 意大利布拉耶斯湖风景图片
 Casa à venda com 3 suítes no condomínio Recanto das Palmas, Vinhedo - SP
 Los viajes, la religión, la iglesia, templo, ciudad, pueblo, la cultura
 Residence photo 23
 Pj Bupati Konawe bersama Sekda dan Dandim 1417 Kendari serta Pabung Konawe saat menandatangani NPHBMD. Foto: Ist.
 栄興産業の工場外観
* * *
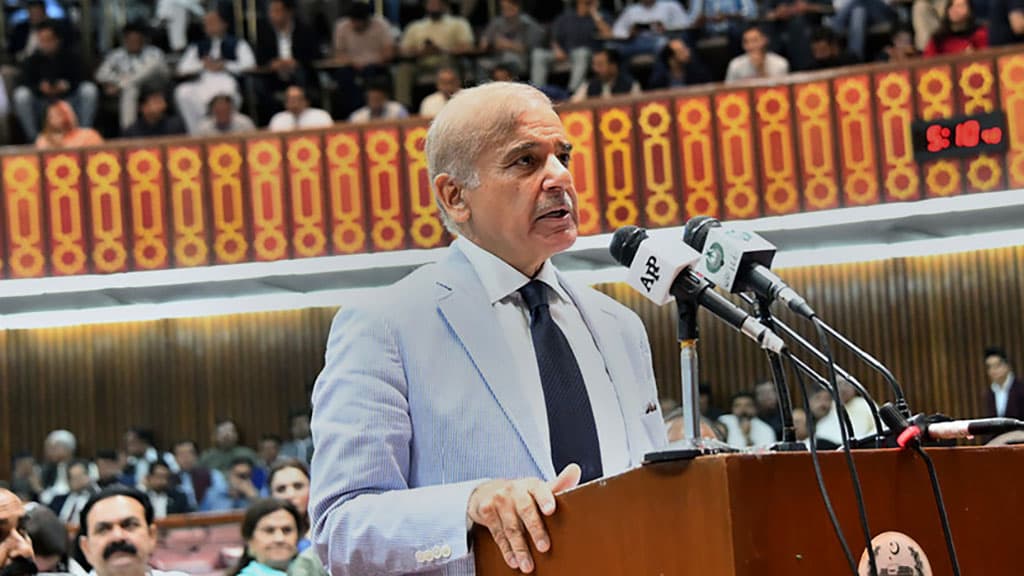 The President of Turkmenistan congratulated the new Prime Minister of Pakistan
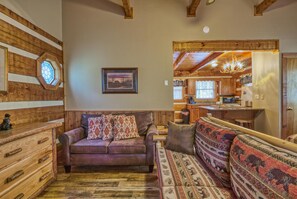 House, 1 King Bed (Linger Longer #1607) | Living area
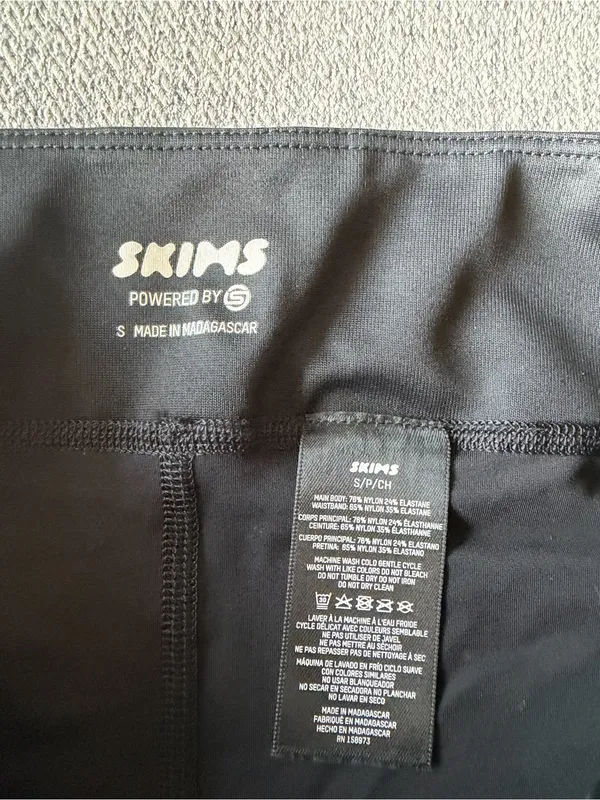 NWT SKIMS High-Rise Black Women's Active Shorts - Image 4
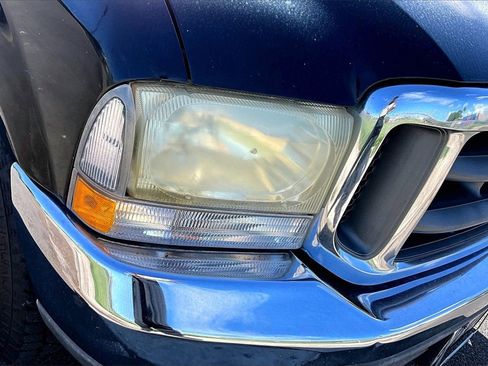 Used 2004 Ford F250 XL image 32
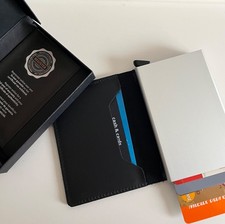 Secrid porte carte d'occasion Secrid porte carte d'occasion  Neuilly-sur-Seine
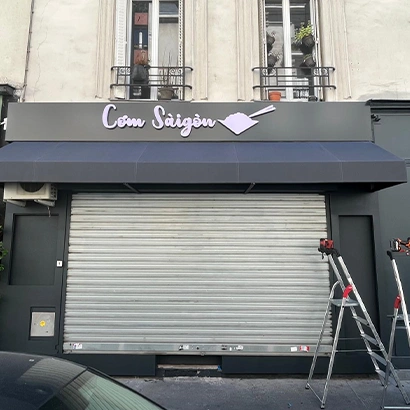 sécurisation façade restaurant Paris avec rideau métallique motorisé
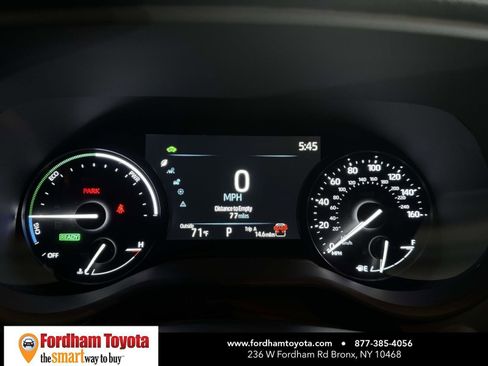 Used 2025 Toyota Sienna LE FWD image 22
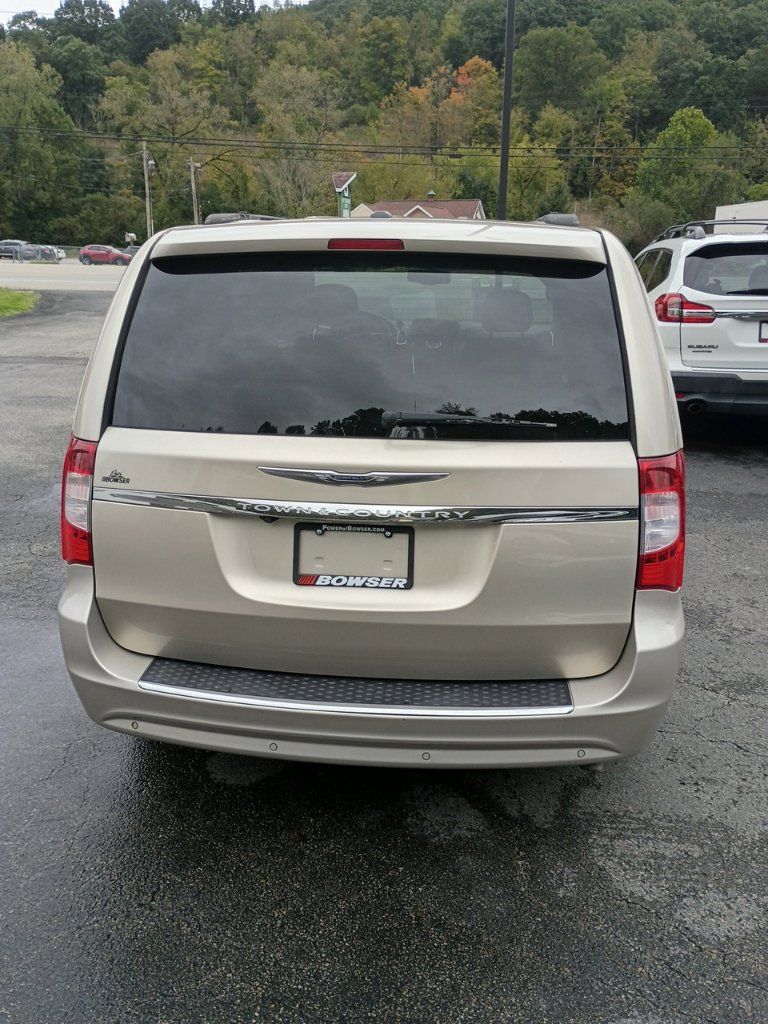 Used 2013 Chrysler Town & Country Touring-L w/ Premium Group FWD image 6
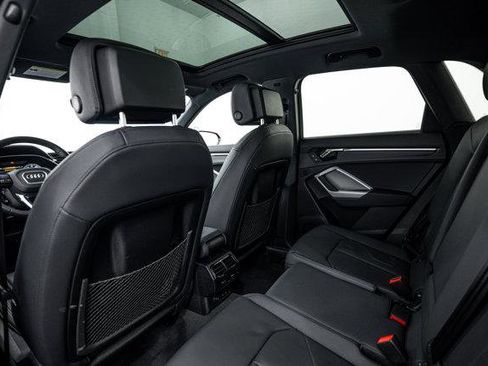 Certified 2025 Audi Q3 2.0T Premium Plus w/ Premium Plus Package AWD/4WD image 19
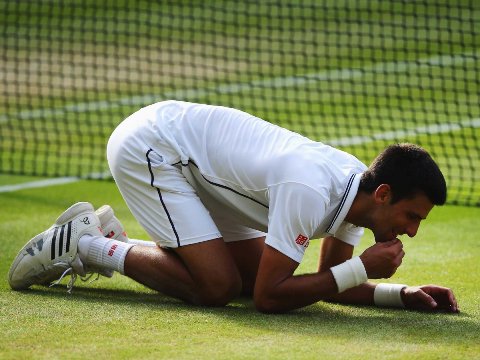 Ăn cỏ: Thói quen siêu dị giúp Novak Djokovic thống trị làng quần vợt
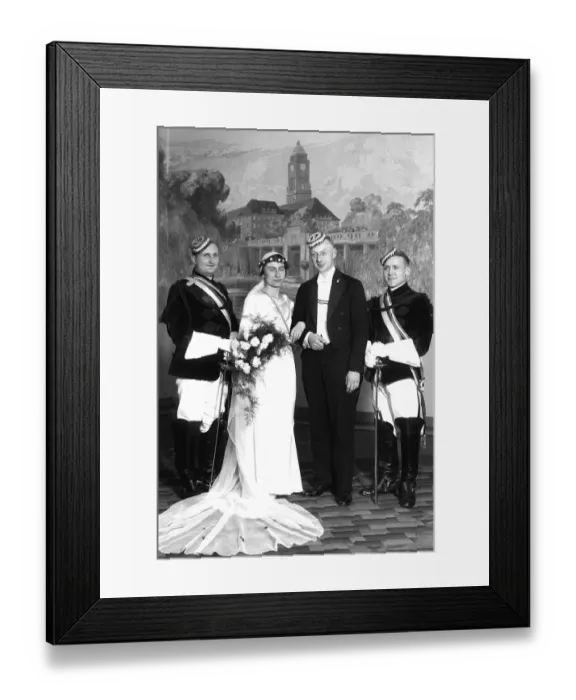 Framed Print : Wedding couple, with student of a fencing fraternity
--
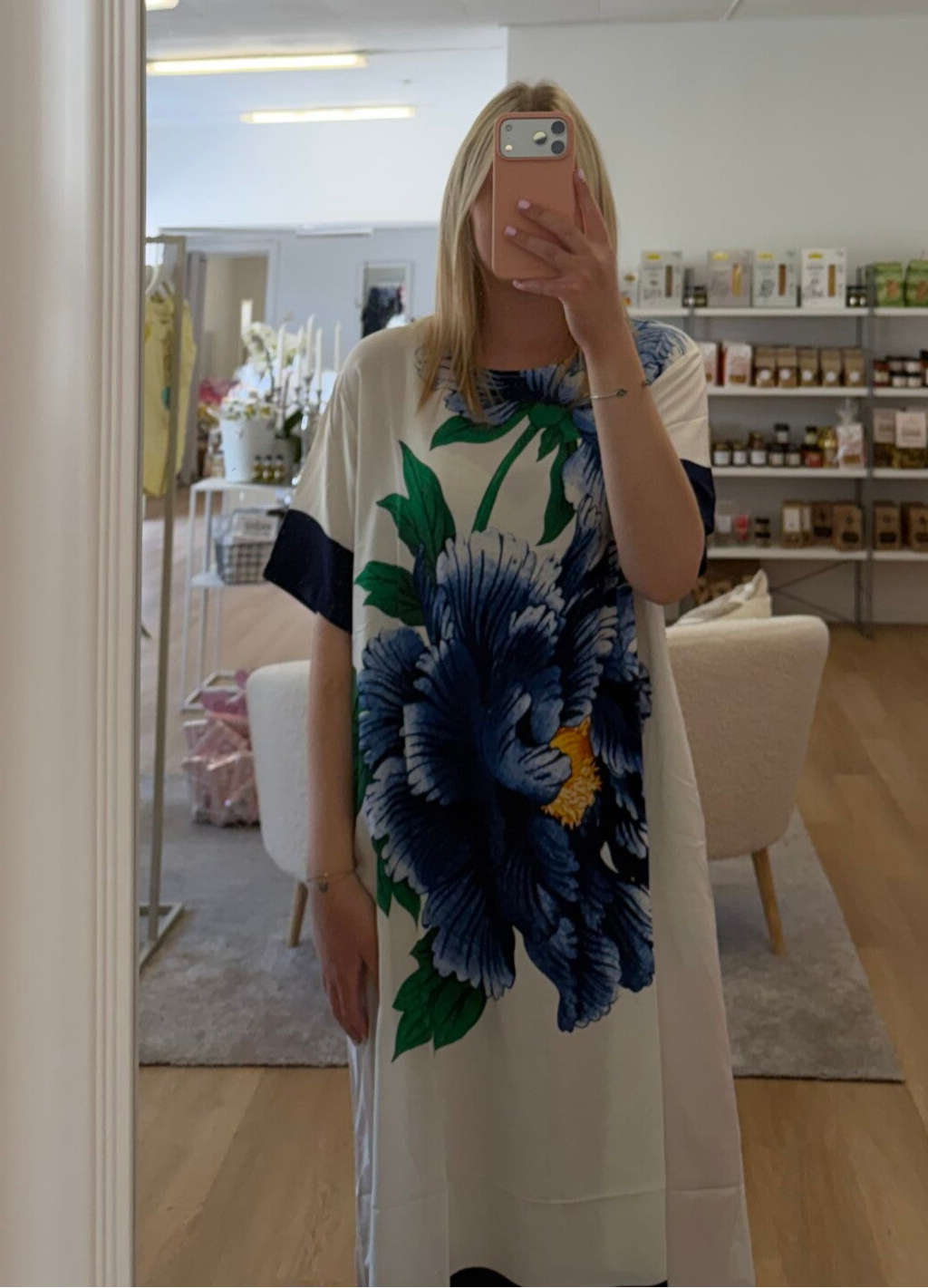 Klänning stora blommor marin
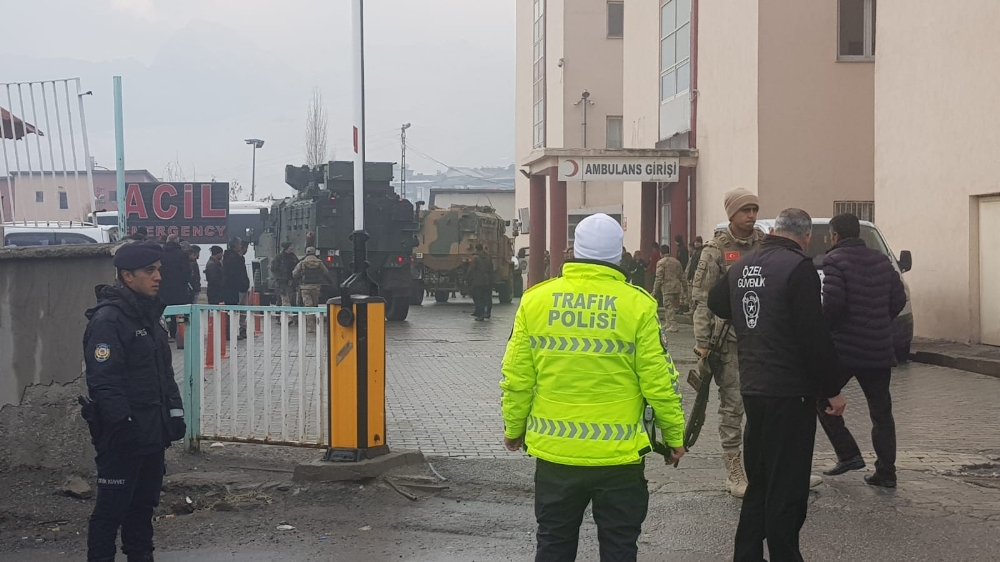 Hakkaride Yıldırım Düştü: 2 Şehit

TASK — Those lines of the records above that run from the one containing "Secrid porte carte d'occasion Secrid" through the one containing "Certified 2025 Audi" should be returned exactly, with no pictures among them.

RESPONSE FOR THIS EXERCISE —
 Secrid porte carte d'occasion Secrid porte carte d'occasion  Neuilly-sur-Seine
 sécurisation façade restaurant Paris avec rideau métallique motorisé
 Used 2025 Toyota Sienna LE FWD image 22
 Used 2013 Chrysler Town & Country Touring-L w/ Premium Group FWD image 6
 Certified 2025 Audi Q3 2.0T Premium Plus w/ Premium Plus Package AWD/4WD image 19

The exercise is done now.